Nel caso il trasferimento abbia ad oggetto fabbricati:
– copia della licenza o concessione edilizia o permesso di costruire iniziale, se l’inizio della costruzione e’ posteriore al primo settembre 1967;
– copia delle concessioni edilizie o permessi di costruire – anche in sanatoria – o delle domande di concessione o di permesso di costruire in sanatoria, e delle denunzie di inizio attività (dia), relative ad eventuali ristrutturazioni od opere edilizie successive;
– attestato di prestazione energetica;
– eventualmente: certificazioni di conformità degli impianti (elettrico, idrico, del gas, del riscaldamento, dell’ascensore, ecc.);
– nel caso di fabbricato locato a terzi: a) – copia del contratto di locazione; b) – trattandosi di fabbricato ad uso negozio, o comunque ad uso commerciale o professionale: verificare l’osservanza delle disposizioni relative alla prelazione del conduttore; c) – trattandosi di fabbricato ad uso abitativo, verificare che non sia stata data disdetta alla prima scadenza al conduttore, nel qual caso esiste diritto di prelazione a favore del conduttore medesimo;
– verifica che il venditore non incorra, alienando l’immobile, nella decadenza dalle agevolazioni prima casa.

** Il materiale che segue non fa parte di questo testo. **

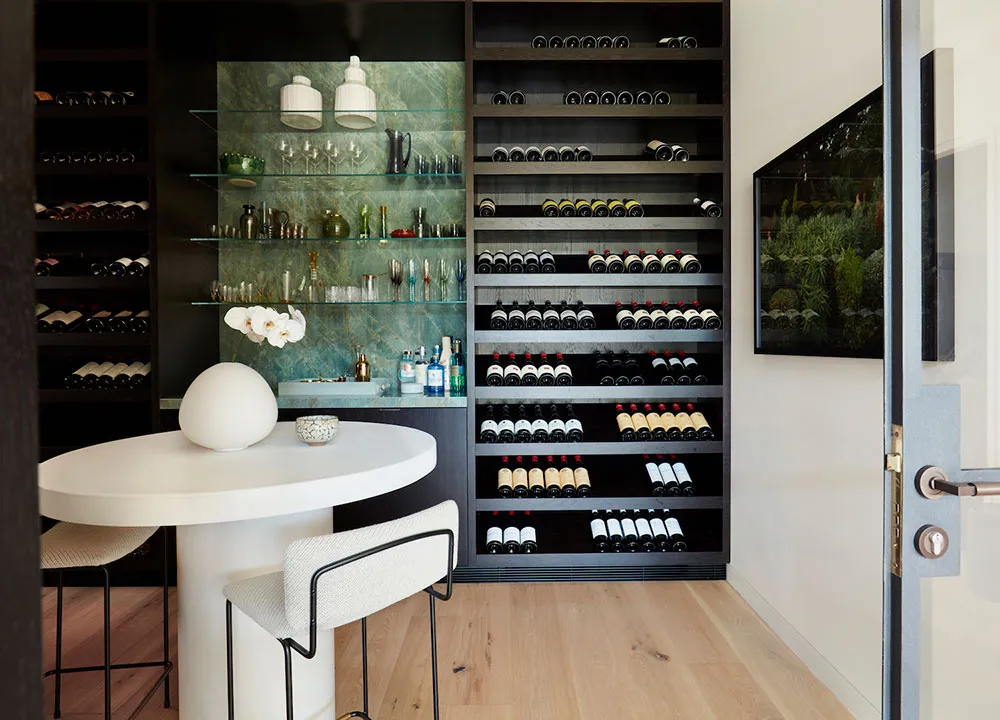 Sunlit and vibrant interior of a family home on the coast in Sydney - Gallery image 9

Nel caso il trasferimento abbia ad oggetto terreni:
– certificato di destinazione urbanistica in originale in bollo, anche per aree pertinenziali di edifici urbani di superficie superiore a 5.000 metri quadri;
– verificare se il terreno è stato percorso dal fuoco;
– verificare se il terreno è gravato da uso civico;
– verificare se il terreno è gravato da censi o livelli;
– per i terreni agricoli: verificare che non vi siano affittuari o confinanti coltivatori diretti aventi diritto a prelazione;
– eventuale perizia per rideterminazione dei valori dei terreni edificabili.